The children are still small (this year the ages were 7, 7, 5, 5, 4, 3 and 2) but as they grow the activities will become more adventurous, and the ultimate goal is for my in-laws to get a week to bond with their grandchildren free of interference from the pesky parents.
For now, it warms my heart to watch my son develop his relationship with his cousins. This year a new and surprising facet of his personality shined through — he became the class clown. Each night at dinner he would make faces and play little pranks, giggling all the while.
For a few short weeks each summer, the peaches are perfectly ripe down south. I grabbed some to make a quick galette for our dessert the day that camp ended. This dish is simple but elegant and perfect with a scoop of vanilla ice cream.
Ingredients:
For the crust
1 1/3 cup all-purpose flour
1 tablespoon sugar
½ teaspoon salt
8 tablespoons butter, very cold and cut into small pieces
6 tablespoons ice water
For the filling
2-3 ripe peaches
¼ cup sugar
Sparkling sugar for garnish
1 tablespoon all-purpose flour
½ teaspoon cinnamon
Directions:
It’s easiest to make the crust in a food processor. Combine the flour, sugar and salt in the bowl of your processor and pulse to combine.

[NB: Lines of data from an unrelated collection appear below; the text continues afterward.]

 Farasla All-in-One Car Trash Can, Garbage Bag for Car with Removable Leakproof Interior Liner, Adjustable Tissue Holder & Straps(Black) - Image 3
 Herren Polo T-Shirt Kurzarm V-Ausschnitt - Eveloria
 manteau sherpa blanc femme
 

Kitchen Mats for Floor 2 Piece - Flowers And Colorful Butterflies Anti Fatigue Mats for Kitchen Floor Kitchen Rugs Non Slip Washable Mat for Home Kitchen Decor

Slowly add your very cold butter, pulsing as you go.
When all the butter has been incorporated, add in the ice water one tablespoon at a time until the dough just comes together.

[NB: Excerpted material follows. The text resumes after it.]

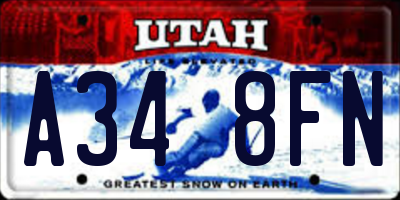 UT license plate A348FN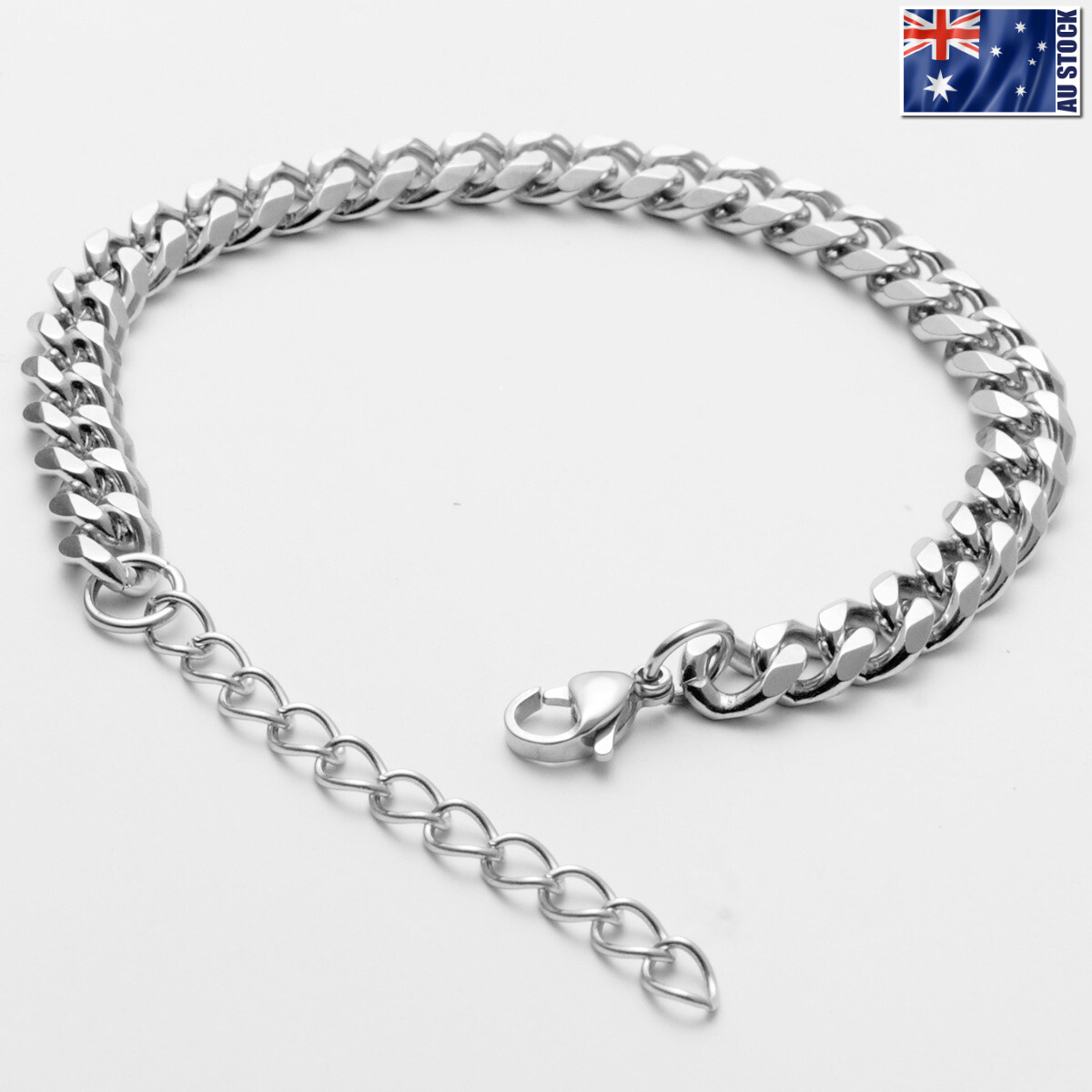 5-7mm 316L Stainless Steel Solid Curb Link Chain Bracelet Men’s Women’s 7″ 8″ 9″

Turn the dough out onto the counter and form into a disk. Do not knead — just work enough to form the disk.
Wrap tightly in plastic and let rest in the refrigerator for at least 1 hour, or overnight.
***If you do not have a food processor, combine the dry ingredients, then use your fingertips in a pinching motion to add the butter like you would when making biscuits. Then add the water until it comes together. ***
Preheat the oven to 425 degrees.
Slice your washed, unpeeled peaches ¼-inch thick as uniformly as possible and place in a large bowl.

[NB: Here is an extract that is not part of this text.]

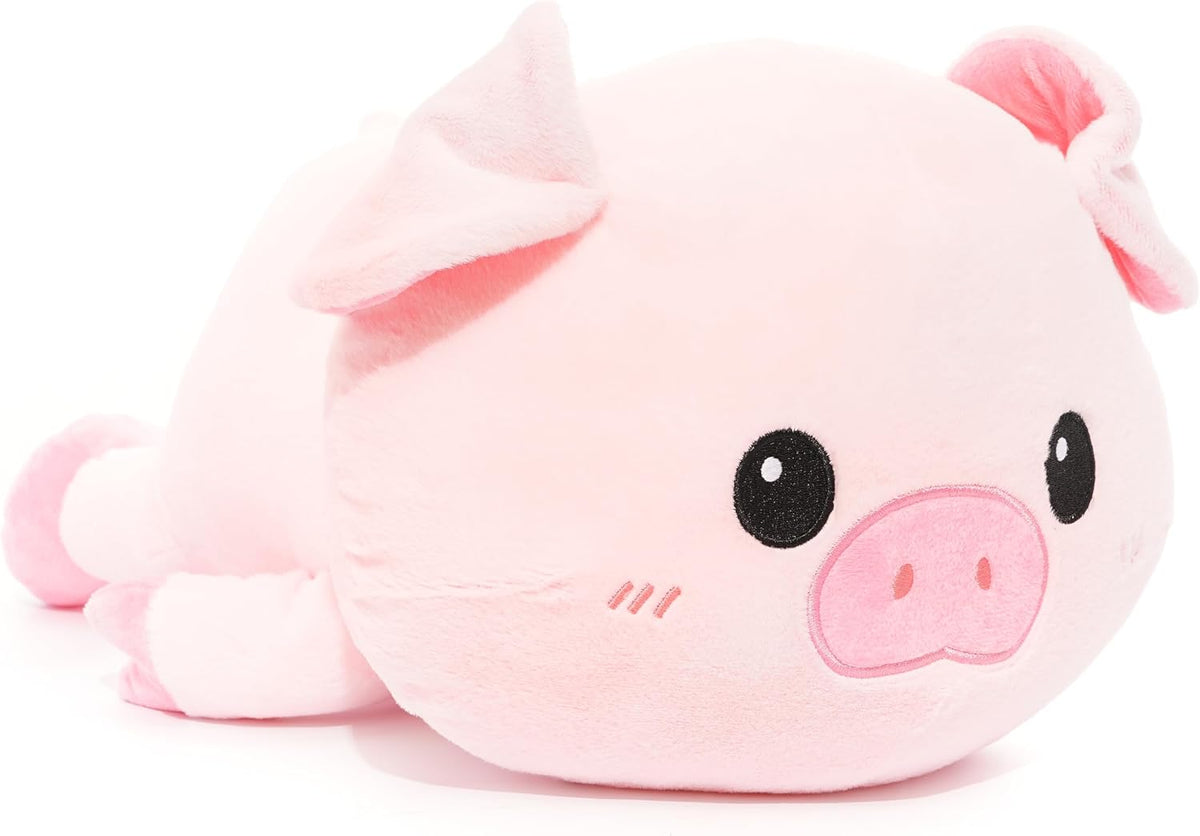 WEIGEDU - Lindo animal de peluche suave de cerdo rosa, 18 pulgadas...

Sprinkle on the sugar, flour and cinnamon and toss to coat.
Remove your dough from the refrigerator and place it on a parchment-lined baking tray.
Roll the dough out to about a 14-inch circle (should be about 1/3-inch thick). Don’t worry about making the edges pretty.
Artfully arrange your peach slices leaving a 1-inch margin around the outside.
Fold the excess dough over the peaches, brush with an egg wash, then sprinkle with sparkly sugar.
Bake for 25-30 minutes until golden brown.